§ **Exercise description**:
Here the job is to transcribe the data exactly while omitting the images.

§ **Provided data**:
'''

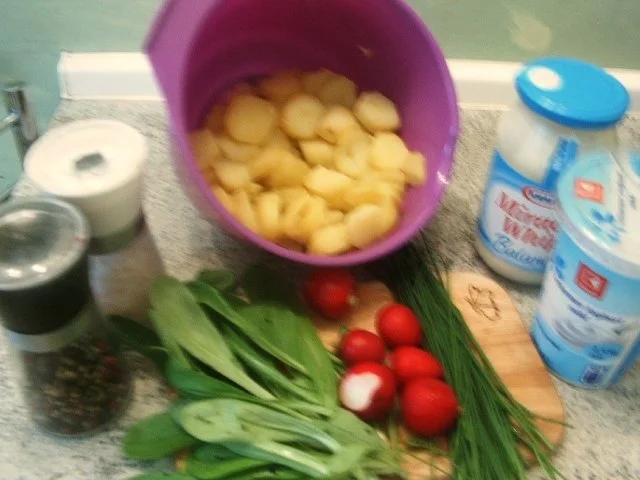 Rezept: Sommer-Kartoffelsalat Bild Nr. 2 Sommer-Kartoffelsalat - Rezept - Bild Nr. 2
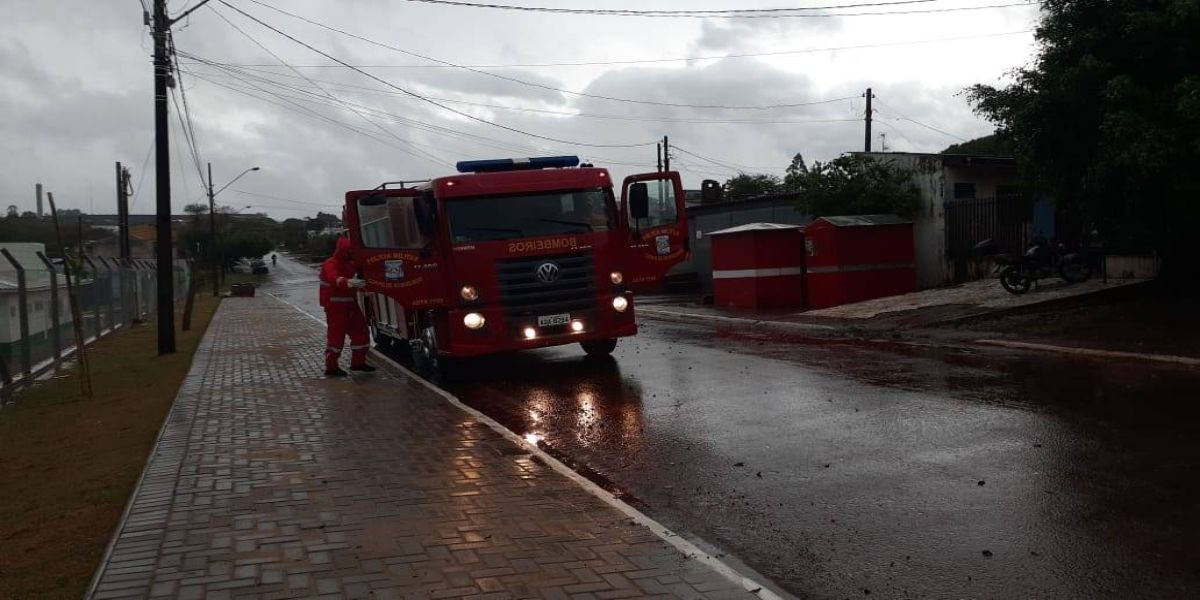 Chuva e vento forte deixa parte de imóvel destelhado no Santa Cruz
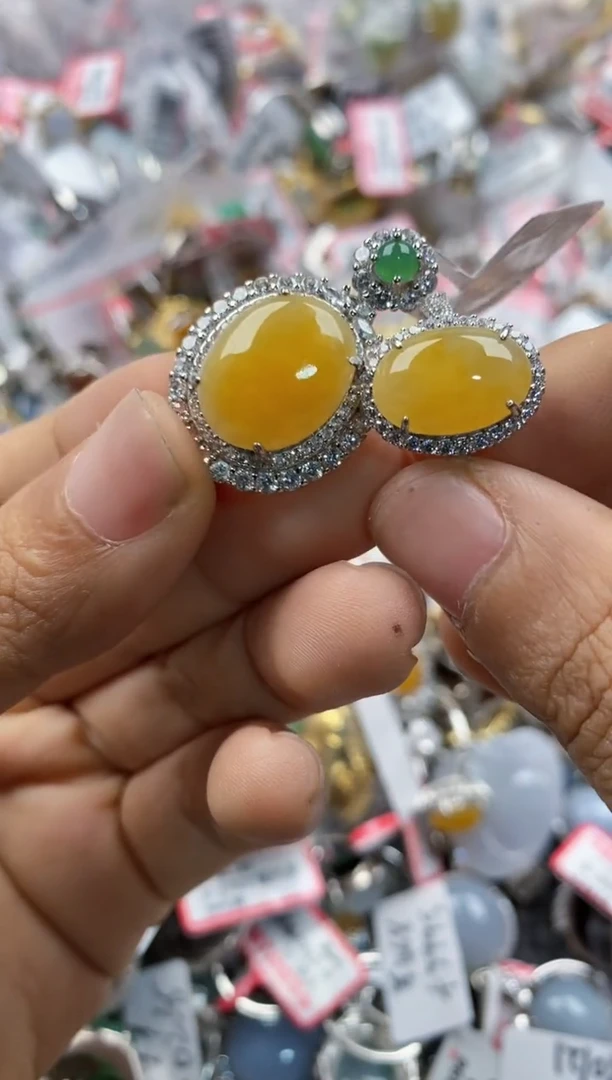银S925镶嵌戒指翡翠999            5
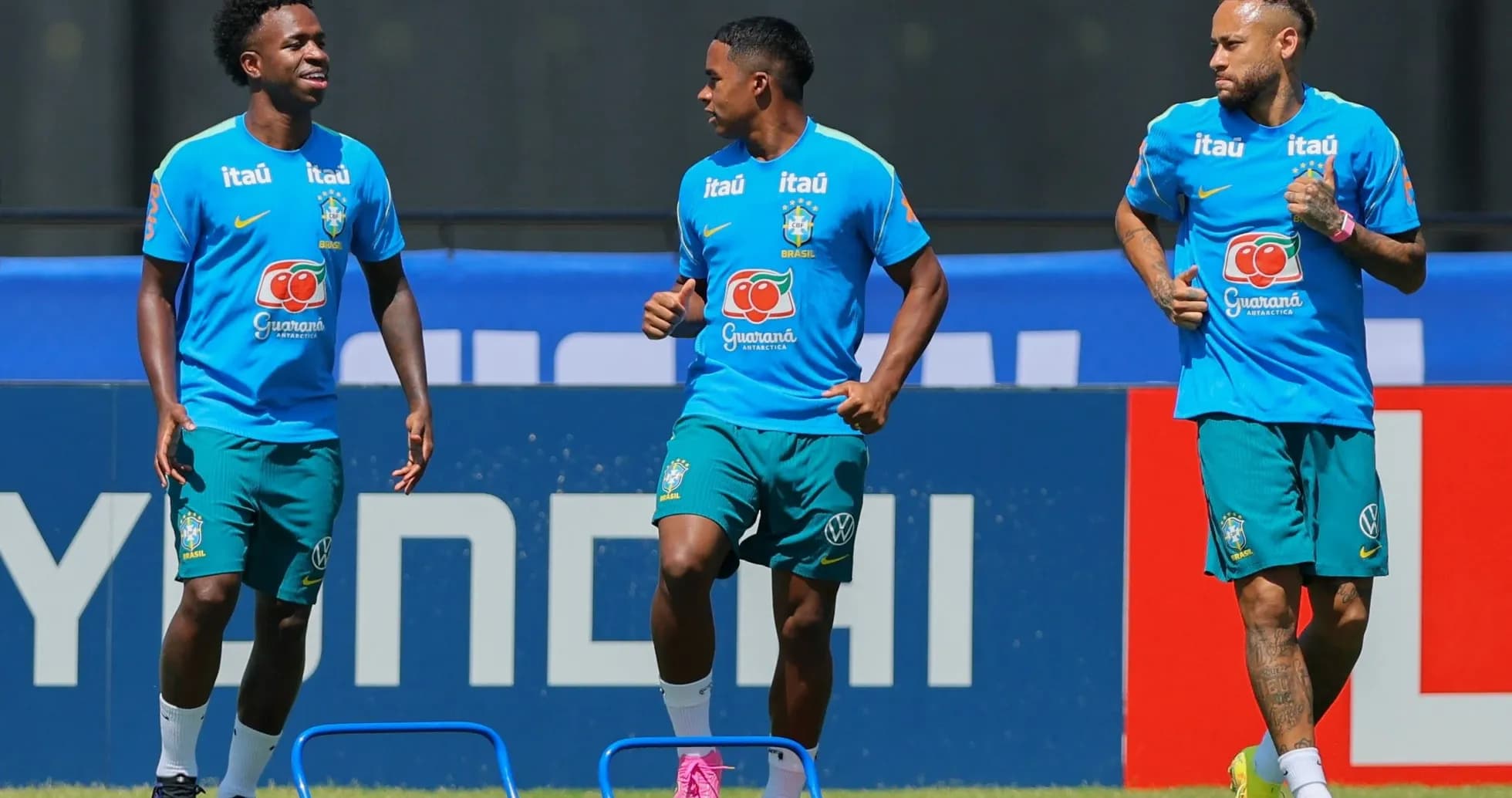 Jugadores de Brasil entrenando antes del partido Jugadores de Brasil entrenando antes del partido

'''

§ **Reply**:
 Rezept: Sommer-Kartoffelsalat Bild Nr. 2 Sommer-Kartoffelsalat - Rezept - Bild Nr. 2
 Chuva e vento forte deixa parte de imóvel destelhado no Santa Cruz
银S925镶嵌戒指翡翠999            5
 Jugadores de Brasil entrenando antes del partido Jugadores de Brasil entrenando antes del partido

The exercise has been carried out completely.